- WHAT TO DO:
Under this line is a listing; return exactly the lines starting at the one with "YANXU双排扣风衣外套男薄款2023男生感大衣中长款3A套外高清大图" and running down to the one with "Drewniany stolik kawowy", and leave out its pictures.

- SOURCE RECORDS:

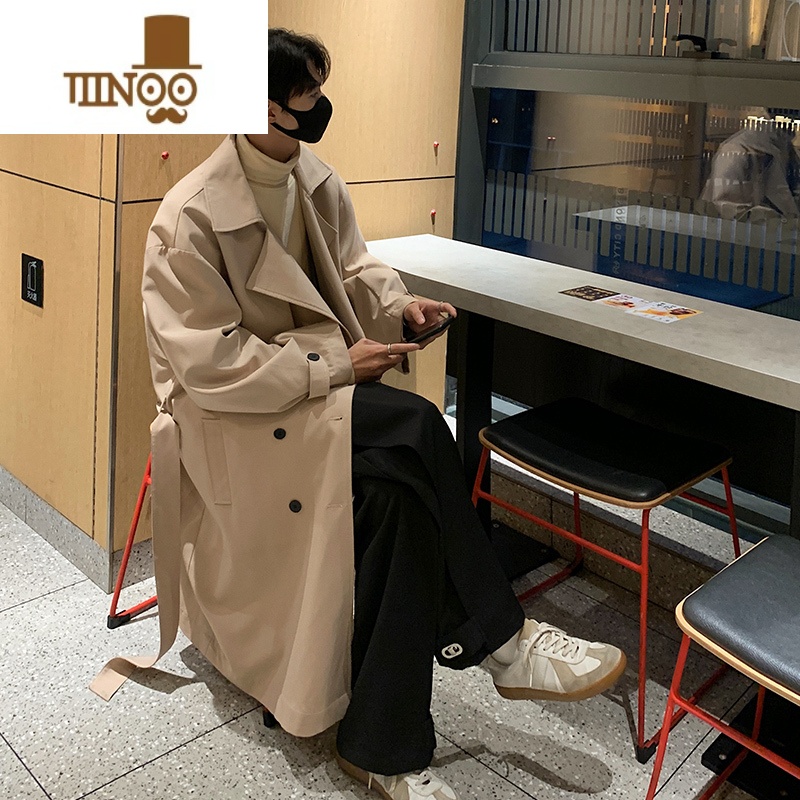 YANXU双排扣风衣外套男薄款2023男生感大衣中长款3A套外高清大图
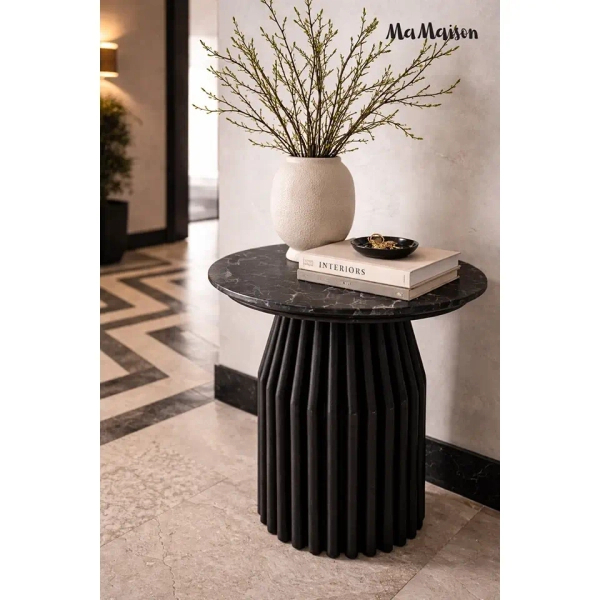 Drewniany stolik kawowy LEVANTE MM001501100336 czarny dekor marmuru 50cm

--

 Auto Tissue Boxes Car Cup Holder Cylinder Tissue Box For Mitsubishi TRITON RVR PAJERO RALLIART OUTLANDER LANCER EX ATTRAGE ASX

- SOLUTION BELOW:
 YANXU双排扣风衣外套男薄款2023男生感大衣中长款3A套外高清大图
 Drewniany stolik kawowy LEVANTE MM001501100336 czarny dekor marmuru 50cm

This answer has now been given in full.